Children Deserve Safety—Not Friendship With Their Bullies
- Liz Smalley
- Jul 14
- 3 min read

Children Deserve Safety—Not Friendship With Their Bullies
I was honestly shocked to see a report this morning suggesting that some schools are encouraging kids to make friends with their bullies. This advice is not just appalling—it’s harmful. When you really think about who stands to benefit from this kind of strategy, it’s clear: it’s not your child, and it’s not you if you’re facing something similar. The ones who benefit are the school, the bully, and the system around them—not the victim.
Who Is This Really Helping?
The school or workplace gets to avoid dealing with the real problem. By telling victims to “make friends” with their bullies, the responsibility for fixing the situation is dumped right back onto the person who’s already been hurt.
The bully gets off with no real consequences. In fact, they get more power and more chances to keep up their behaviour.
The victim? They’re left carrying the blame and the burden, and nothing changes for them—except maybe feeling even more powerless.
Why This Approach Is So Damaging
If you’re told to befriend your bully, you’re being asked to fix a problem you didn’t create. The victim is already feeling powerless, and now the expectation is that they should step up and make everything better. If it doesn’t work, the blame lands right back on them: “Did you do what we told you? Did you try to make friends?” Suddenly, it’s the victim’s fault for not solving the problem—a classic case of victim blaming.
Meanwhile, the bully faces no consequences. They continue on, maybe even feeling validated, while the victim is left isolated, sometimes even avoiding school altogether. The system rewards the bully’s behaviour and leaves the person who was hurt to deal with the fallout.
Friendship Isn’t the Answer
Let’s be real: friendship is built on trust and safety. There is neither in a relationship between a bully and their victim, nor should there be. Forcing kids into these unsafe relationships teaches them to ignore their own intuition—their body and brain signals that say, “I’m not safe.” That’s a recipe for a lifetime of people-pleasing and unhealthy relationships.
Bullies don’t want to be friends with their victims, and victims don’t want to be friends with their bullies. This isn’t a solution for anyone.
What Can You Do?
Speak up for your child. They’re powerless in this situation and need your voice.
Expect pushback. Leadership often resists being held accountable. That’s not your problem.
Get comfortable being “that parent.” You might be labelled a troublemaker, but you’re not—the trouble is the bully and the system that protects them.
Don’t wait for permission. You have every right to advocate for your child and to have your concerns taken seriously. If nothing changes, keep saying it.

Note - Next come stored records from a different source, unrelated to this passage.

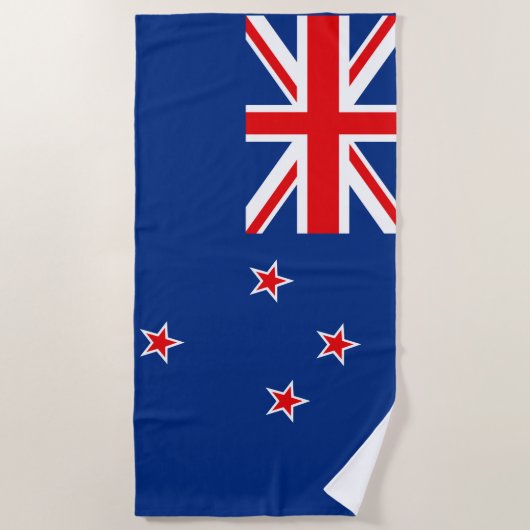 Serviette De Plage Drapeau néo-zélandais (Devant)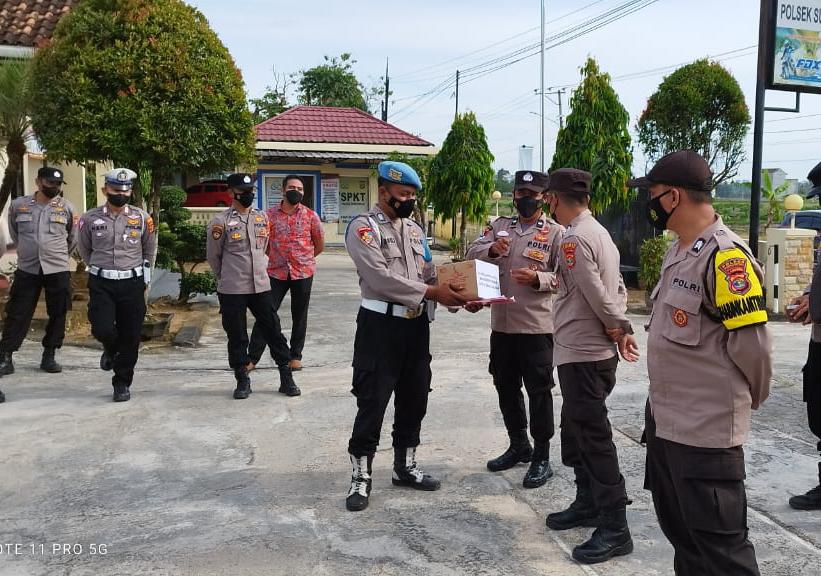 Polres Pringsewu Galang Dana Untuk Korban Gempa Cianjur
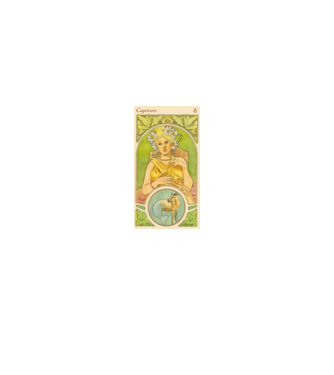 Horoscop Tarot CAPRICORNUL model alb pe tricou
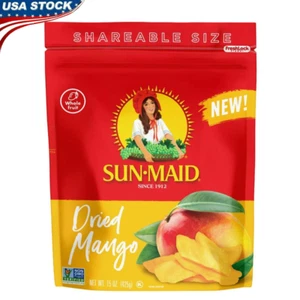 Dried Mango Slices Natural Fruit Snack Healthy Lunchbox Treat Pack of 1 New - Picture 1 of 9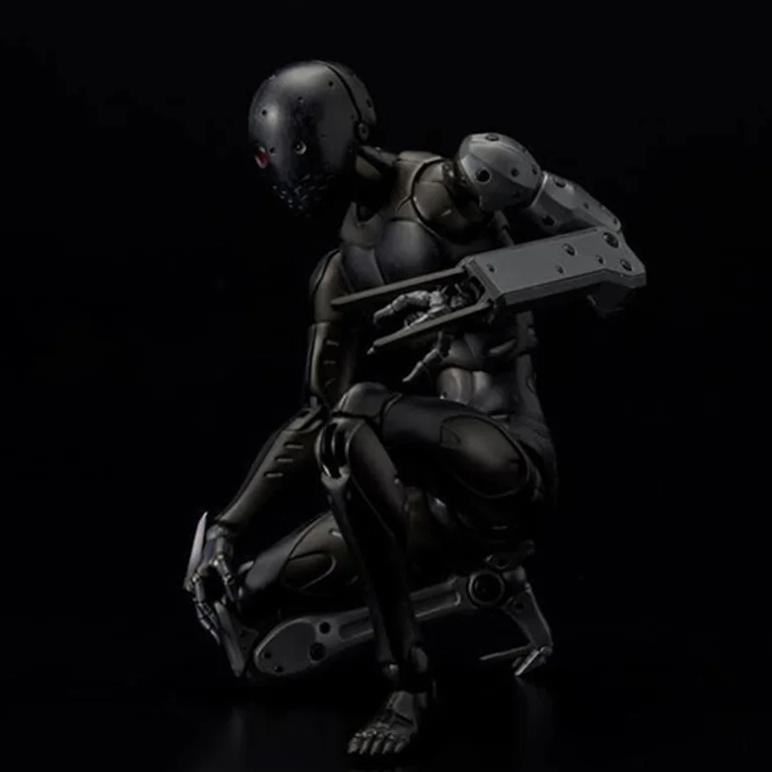 Anime Heavy Industries Synthetic Human Figure Male 1/6 Scale Black Action Figure Model Movable Joint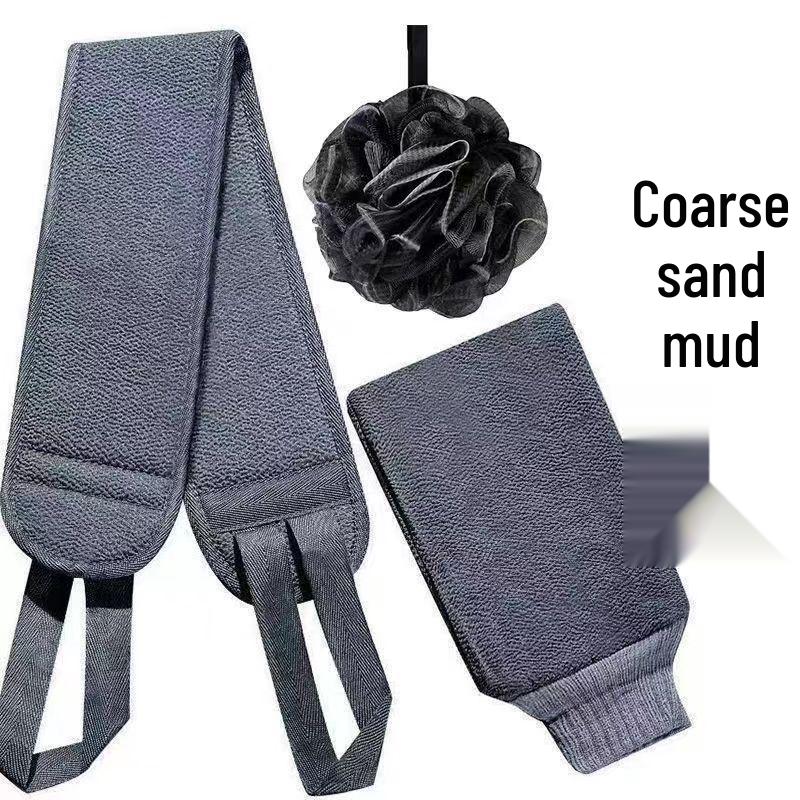 

Men s Exfoliating Towel: Coarse Grit for Powerful Mud, Ash & Stain Removal - Perfect for Back Scrubbing Bath Pouf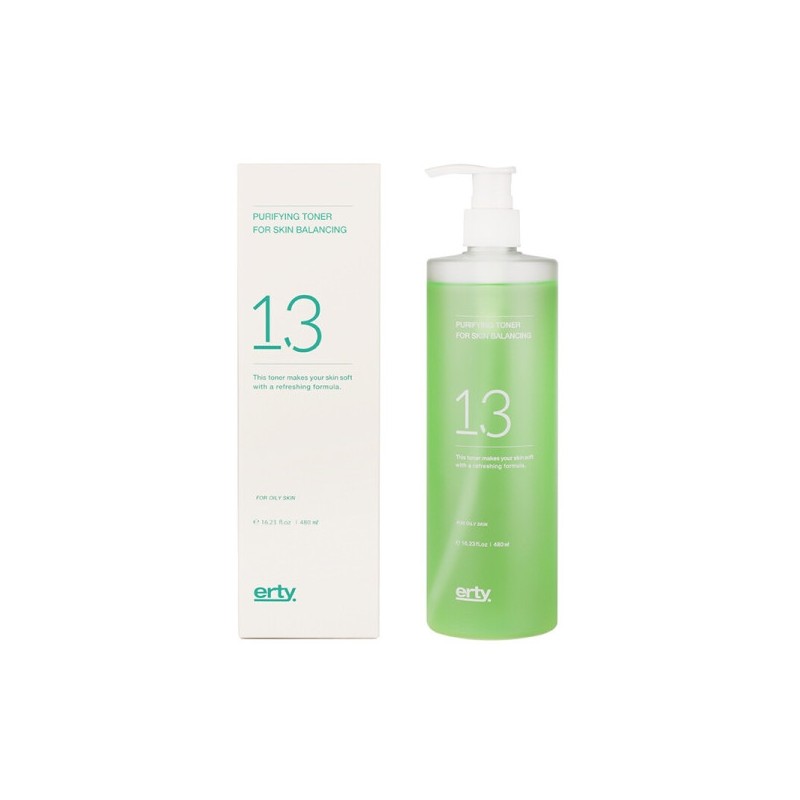 Erti 13 Purifying Toner Balancing 480ml + 10 Samples /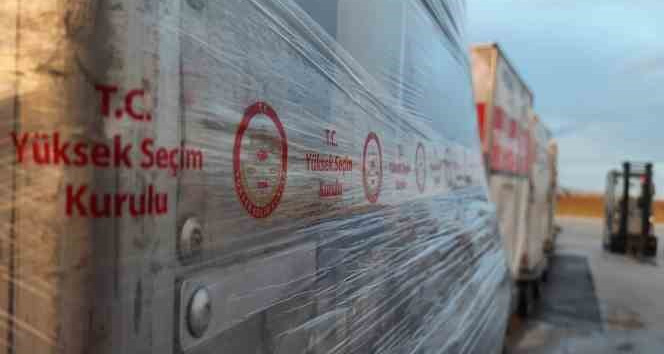 Yurt dışında kullanılan oylar Ankara’ya getirildi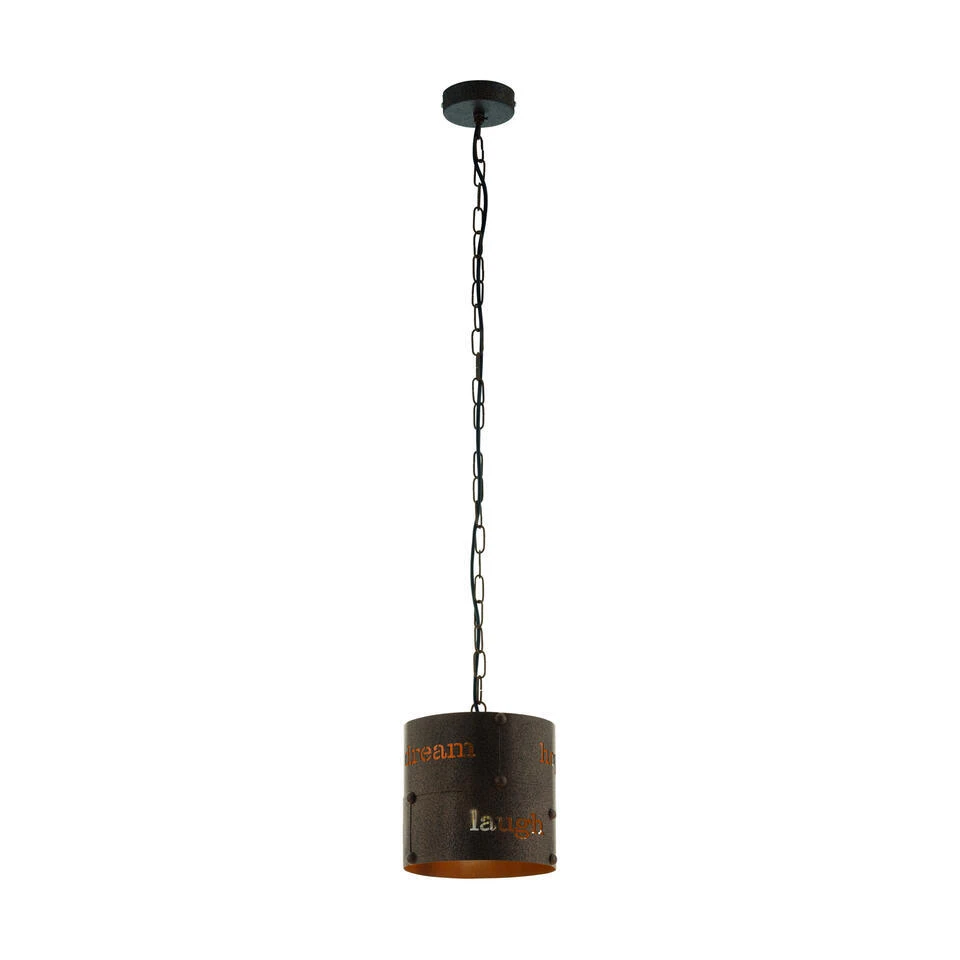 EGLO Coldingham Hanglamp - E27 - Staal - Roestbruin/ 1 EGLO Coldingham Hanglamp - E27 - Staal - Roestbruin/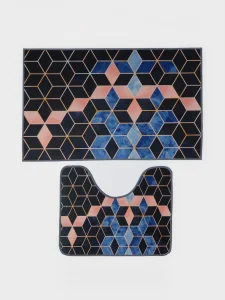 Набор ковриков для ванны и туалета 2шт 50х80, 40х50см Бурлеск 5411412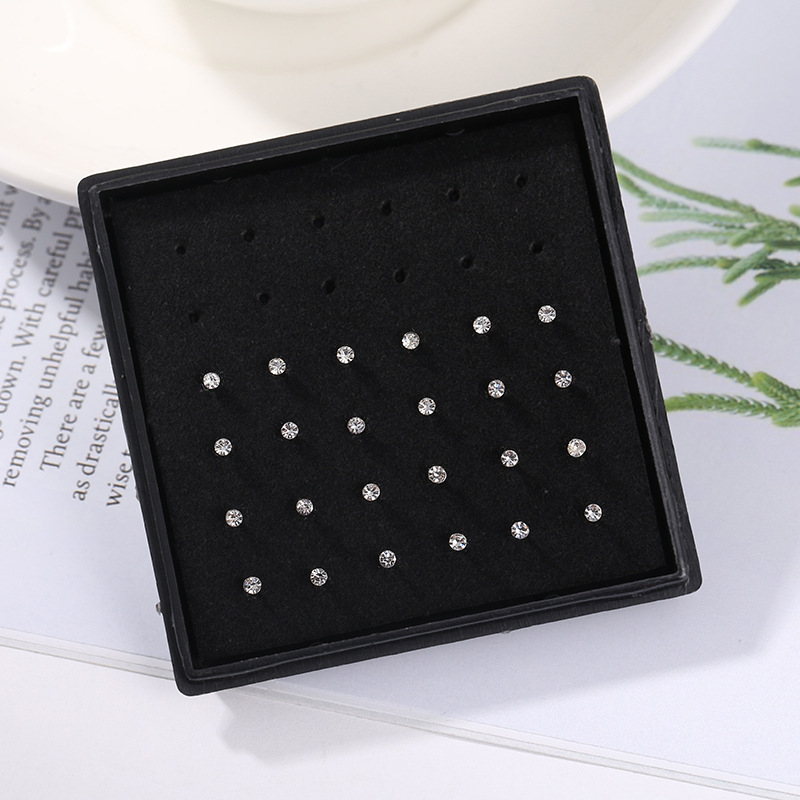 24 قطعة/صندوق كريستال الأنف ال - مراجعة Body Jewelry Display Case وسعره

Know when to walk away. Sometimes, the cost of staying is too high. Many families end up withdrawing their children from school—not because they want to, but because they have to protect their child’s mental and physical health.
Final Thoughts
In the end, bullies often “win” in these systems, and that’s not okay. Forcing victims to befriend their bullies doesn’t create safety or change behaviour—it just shifts the burden and blame. Our kids deserve better. They deserve real action, real accountability, and real safety at school.